*** Opening of ENTRIES PROVIDED ***

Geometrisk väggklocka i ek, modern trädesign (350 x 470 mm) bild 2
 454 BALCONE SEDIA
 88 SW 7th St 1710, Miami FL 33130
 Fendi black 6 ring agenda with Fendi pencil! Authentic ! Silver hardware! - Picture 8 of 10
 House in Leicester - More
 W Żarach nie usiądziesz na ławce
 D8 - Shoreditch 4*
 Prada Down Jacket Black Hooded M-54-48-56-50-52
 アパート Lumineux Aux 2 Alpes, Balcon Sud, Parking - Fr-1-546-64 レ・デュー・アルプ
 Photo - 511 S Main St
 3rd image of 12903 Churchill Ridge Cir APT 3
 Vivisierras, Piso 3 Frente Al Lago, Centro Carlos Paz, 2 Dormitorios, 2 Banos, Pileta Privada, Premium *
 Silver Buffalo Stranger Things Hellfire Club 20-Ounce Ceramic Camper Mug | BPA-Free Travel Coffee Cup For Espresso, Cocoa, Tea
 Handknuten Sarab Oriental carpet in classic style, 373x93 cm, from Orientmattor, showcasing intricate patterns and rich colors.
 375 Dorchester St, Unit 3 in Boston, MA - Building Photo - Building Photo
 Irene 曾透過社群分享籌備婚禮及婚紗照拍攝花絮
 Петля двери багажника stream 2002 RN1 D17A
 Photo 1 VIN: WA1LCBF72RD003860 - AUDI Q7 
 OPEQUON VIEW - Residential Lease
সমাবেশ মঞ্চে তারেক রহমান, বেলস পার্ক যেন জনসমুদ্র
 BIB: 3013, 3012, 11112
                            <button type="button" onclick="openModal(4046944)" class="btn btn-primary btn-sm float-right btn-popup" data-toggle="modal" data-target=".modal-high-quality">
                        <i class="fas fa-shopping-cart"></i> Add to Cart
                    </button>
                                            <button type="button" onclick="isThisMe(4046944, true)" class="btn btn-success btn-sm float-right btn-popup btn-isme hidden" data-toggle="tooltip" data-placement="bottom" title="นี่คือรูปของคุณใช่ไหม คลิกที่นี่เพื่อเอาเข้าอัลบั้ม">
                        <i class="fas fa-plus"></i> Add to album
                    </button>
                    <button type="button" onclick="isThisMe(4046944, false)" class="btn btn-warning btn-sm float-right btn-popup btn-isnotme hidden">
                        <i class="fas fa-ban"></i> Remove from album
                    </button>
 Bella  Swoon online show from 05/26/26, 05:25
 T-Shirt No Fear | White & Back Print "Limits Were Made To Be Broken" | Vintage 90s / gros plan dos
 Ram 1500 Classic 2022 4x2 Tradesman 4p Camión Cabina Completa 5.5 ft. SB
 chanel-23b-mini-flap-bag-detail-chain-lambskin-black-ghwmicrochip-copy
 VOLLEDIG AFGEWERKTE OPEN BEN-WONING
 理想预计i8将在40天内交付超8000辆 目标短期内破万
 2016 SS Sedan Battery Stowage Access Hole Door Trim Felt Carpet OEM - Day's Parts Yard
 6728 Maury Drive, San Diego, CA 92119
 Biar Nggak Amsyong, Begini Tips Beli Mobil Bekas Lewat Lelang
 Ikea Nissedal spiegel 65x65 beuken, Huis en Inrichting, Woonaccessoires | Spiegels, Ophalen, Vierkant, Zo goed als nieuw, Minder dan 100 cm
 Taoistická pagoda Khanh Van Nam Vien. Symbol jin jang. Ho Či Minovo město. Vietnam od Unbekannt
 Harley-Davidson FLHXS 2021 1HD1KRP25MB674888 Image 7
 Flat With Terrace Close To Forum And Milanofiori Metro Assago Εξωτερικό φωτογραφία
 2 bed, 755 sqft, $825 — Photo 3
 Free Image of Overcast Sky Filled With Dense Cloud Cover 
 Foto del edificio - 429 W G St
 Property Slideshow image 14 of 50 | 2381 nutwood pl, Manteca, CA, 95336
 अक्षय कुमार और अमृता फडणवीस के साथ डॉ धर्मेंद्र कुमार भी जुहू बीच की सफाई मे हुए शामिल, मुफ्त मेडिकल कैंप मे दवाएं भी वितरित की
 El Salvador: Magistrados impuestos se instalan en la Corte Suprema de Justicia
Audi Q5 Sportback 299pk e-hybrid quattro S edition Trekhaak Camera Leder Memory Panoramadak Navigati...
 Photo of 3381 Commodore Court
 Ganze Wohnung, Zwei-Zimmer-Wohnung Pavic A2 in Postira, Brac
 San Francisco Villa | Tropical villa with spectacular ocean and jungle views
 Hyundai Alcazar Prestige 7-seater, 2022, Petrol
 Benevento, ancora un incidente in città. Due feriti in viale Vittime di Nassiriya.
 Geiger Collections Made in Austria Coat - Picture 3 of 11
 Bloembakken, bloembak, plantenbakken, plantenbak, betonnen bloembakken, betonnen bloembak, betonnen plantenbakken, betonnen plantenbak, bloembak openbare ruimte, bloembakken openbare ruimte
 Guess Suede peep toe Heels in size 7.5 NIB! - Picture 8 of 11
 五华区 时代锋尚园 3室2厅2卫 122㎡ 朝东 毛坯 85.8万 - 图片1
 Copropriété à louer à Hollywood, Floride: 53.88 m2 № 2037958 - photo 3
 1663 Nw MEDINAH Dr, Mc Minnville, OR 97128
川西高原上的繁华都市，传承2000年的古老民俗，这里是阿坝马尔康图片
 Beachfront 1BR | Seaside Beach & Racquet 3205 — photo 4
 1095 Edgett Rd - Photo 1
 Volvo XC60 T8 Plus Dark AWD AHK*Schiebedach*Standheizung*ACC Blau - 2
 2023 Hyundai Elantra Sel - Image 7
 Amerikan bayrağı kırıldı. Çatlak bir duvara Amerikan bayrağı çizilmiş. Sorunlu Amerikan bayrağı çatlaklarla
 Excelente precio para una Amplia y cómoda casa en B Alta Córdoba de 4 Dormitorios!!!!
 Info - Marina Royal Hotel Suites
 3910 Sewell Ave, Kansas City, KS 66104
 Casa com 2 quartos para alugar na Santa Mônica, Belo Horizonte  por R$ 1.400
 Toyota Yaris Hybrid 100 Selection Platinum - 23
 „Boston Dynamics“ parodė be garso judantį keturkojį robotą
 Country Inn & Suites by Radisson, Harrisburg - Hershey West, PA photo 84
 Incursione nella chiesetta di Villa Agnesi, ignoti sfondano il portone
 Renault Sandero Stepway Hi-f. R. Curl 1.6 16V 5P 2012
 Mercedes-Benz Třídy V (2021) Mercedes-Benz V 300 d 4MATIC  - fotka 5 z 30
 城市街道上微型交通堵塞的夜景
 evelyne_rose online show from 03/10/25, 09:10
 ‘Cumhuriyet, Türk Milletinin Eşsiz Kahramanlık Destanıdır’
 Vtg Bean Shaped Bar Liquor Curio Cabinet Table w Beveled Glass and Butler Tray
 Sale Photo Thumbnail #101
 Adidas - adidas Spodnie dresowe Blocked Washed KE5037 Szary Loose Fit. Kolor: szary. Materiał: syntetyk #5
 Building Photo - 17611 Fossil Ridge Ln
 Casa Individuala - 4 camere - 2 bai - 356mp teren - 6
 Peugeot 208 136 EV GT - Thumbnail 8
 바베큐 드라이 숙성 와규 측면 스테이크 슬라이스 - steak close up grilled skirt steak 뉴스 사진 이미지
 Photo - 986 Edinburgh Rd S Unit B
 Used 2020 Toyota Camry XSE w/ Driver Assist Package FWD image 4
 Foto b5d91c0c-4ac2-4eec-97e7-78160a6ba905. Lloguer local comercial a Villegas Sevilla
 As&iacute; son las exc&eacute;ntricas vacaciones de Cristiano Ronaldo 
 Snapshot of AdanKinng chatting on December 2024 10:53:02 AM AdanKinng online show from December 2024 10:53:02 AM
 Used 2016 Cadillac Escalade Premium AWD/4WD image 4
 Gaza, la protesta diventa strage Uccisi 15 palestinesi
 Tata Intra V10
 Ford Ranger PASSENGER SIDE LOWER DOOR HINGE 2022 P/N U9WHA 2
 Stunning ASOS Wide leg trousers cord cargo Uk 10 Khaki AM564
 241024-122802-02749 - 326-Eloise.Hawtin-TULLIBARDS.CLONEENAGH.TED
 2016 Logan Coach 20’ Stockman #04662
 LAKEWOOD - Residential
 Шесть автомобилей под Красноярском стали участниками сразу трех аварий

*** Close of ENTRIES PROVIDED ***

WHAT IS BEING ASKED | Print every line from the one that contains "2016 Logan Coach 20’ Stockman #04662" to the end of the records, exactly as written, and nothing more.

SOLVED EXERCISE |
 2016 Logan Coach 20’ Stockman #04662
 LAKEWOOD - Residential
 Шесть автомобилей под Красноярском стали участниками сразу трех аварий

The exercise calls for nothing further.